Ramen joint Sakuramen opened its doors in Adams Morgan yesterday. And like other restaurants around town, there’s a little bit of superstition going on behind the scenes. Inside the cozy, low-ceiling spot, you’ll find a mural of this ramen-slurping bad ass. Co-owner Jonathan Cho tells us the character is derived from the Japanese guardian warrior Shoki (known by other names in other Asian cultures). Here’s the mythology behind it, as recounted by Cho:
“Ever since he was born, he was butt-ugly. He was just really, really ugly—like he basically had to wear a mask everywhere he went. But his lifelong dream and all he wanted to do in his life was to serve the king in any way, shape, or form.”
Shoki studied philosophy and trained to become a super warrior. Finally, he got the attention of the royal court and was invited to meet the king.
“He goes to court and he’s before the king and he shows his face, and the king just kind of laughs: ‘Hey, buddy, you might be a powerful, great warrior, philosopher, and whatnot, but looking like that, you’re not a member of my court,'” Cho says.
Shoki responds: “If I can not service you in life, then I shall service you in death.”
He kills himself then and there—in front of the king and the court.
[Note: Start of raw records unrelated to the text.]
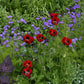 poppy lady bird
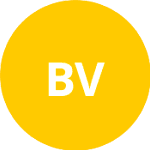 Bielinskyi V. logo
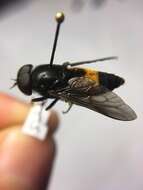 صورة Hybomitra cincta (Fabricius 1794)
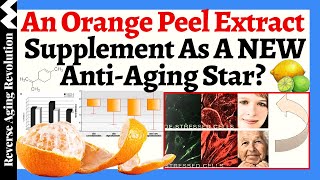 An Orange Peel Extract As a NEW AntiAging Star Reverses Senescence Rejuvenates Skin amp MORE [upl. by Marlie120]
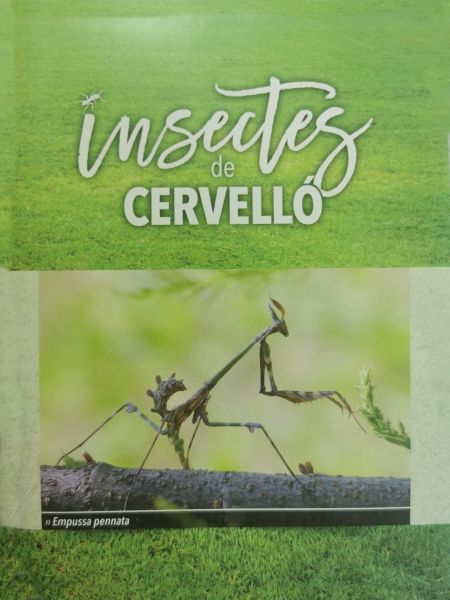  Insectes de Cervelló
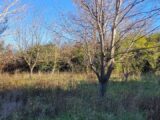 Terrain à bâtir à Cruas (07350) 2499985-812annonce320251229T3tys.jpeg Maisons France Confort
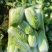 新鲜娃娃菜现砍现剥现装棵棵鲜嫩清脆无渣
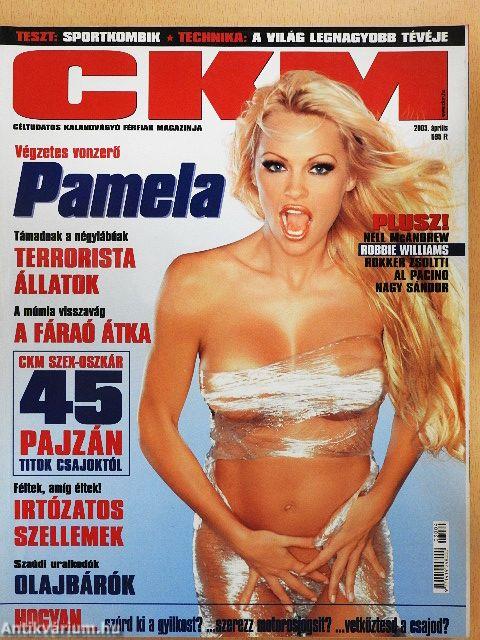 CKM 2003. április
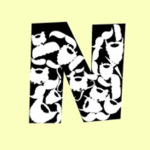 _N_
The king is so moved by this gesture that he honors Shoki with a national funeral and puts his statue in front of major monuments and entrance ways.
“He’s such a badass that even the devil won’t mess with him,” Cho says.
In Japan, when a son is born, parents will sometimes put up a figurine of Shoki as the child’s guardian. Apparently, the same goes for the debut of this ramen shop: “He’s our little guardian,” Cho says.